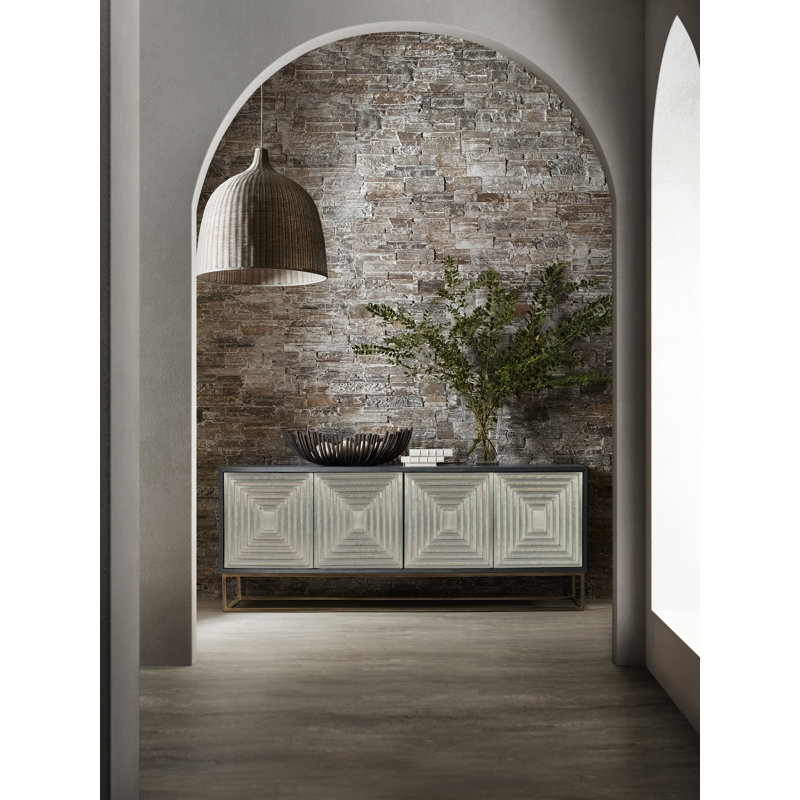 Black and Silver Mango Wood Credenza with Pewter Base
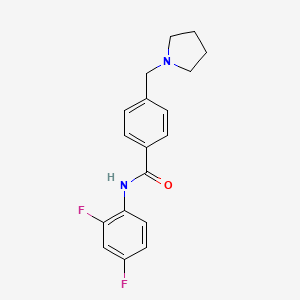 molecular formula C18H18F2N2O B4439327 N-(2,4-difluorophenyl)-4-(1-pyrrolidinylmethyl)benzamide 
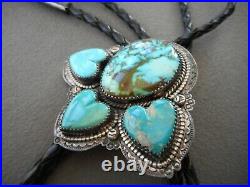 Southwestern Indian Navajo Turquoise & Heart Turquoise Sterling Silver Bolo Tie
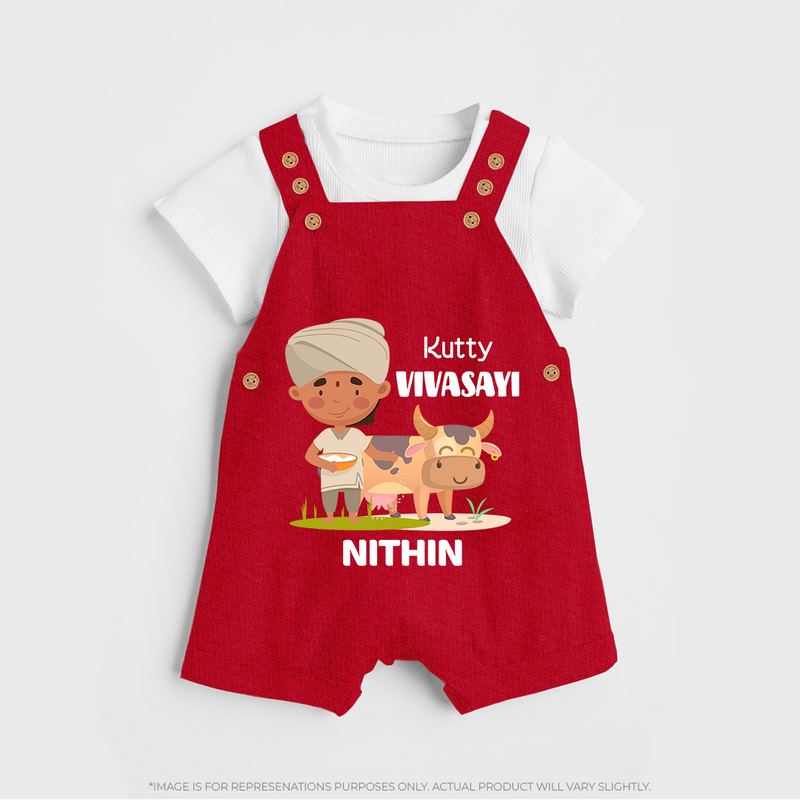 "Happy Mattu Pongal - Little Farmer-Themed Customized Dungaree Set for Kids with Name" - RED - 0 - 5 Months Old (Chest 18")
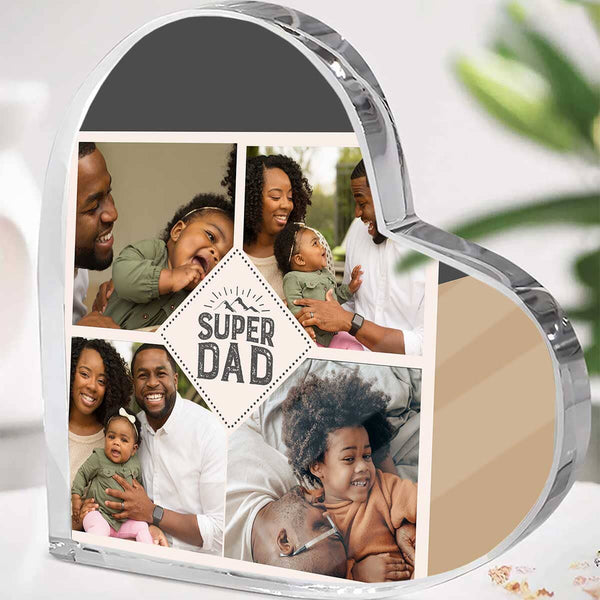 Customized 'Super DAD' Acrylic Heart: Plaque with 4 Photos - A Unique and Sentimental Gift to Celebrate Dad Jewelry ShineOn Fulfillment 12.5cm x 12.5cm *(4.9in x 4.9in)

*PROBLEM DETAILS*. Starting at the line that holds "molecular formula C18H18F2N2O", reproduce each line through the last one of the listing, and nothing more; the pictures stay out.

*TASK ANSWER*.
 molecular formula C18H18F2N2O B4439327 N-(2,4-difluorophenyl)-4-(1-pyrrolidinylmethyl)benzamide 
 Southwestern Indian Navajo Turquoise & Heart Turquoise Sterling Silver Bolo Tie
 "Happy Mattu Pongal - Little Farmer-Themed Customized Dungaree Set for Kids with Name" - RED - 0 - 5 Months Old (Chest 18")
 Customized 'Super DAD' Acrylic Heart: Plaque with 4 Photos - A Unique and Sentimental Gift to Celebrate Dad Jewelry ShineOn Fulfillment 12.5cm x 12.5cm *(4.9in x 4.9in)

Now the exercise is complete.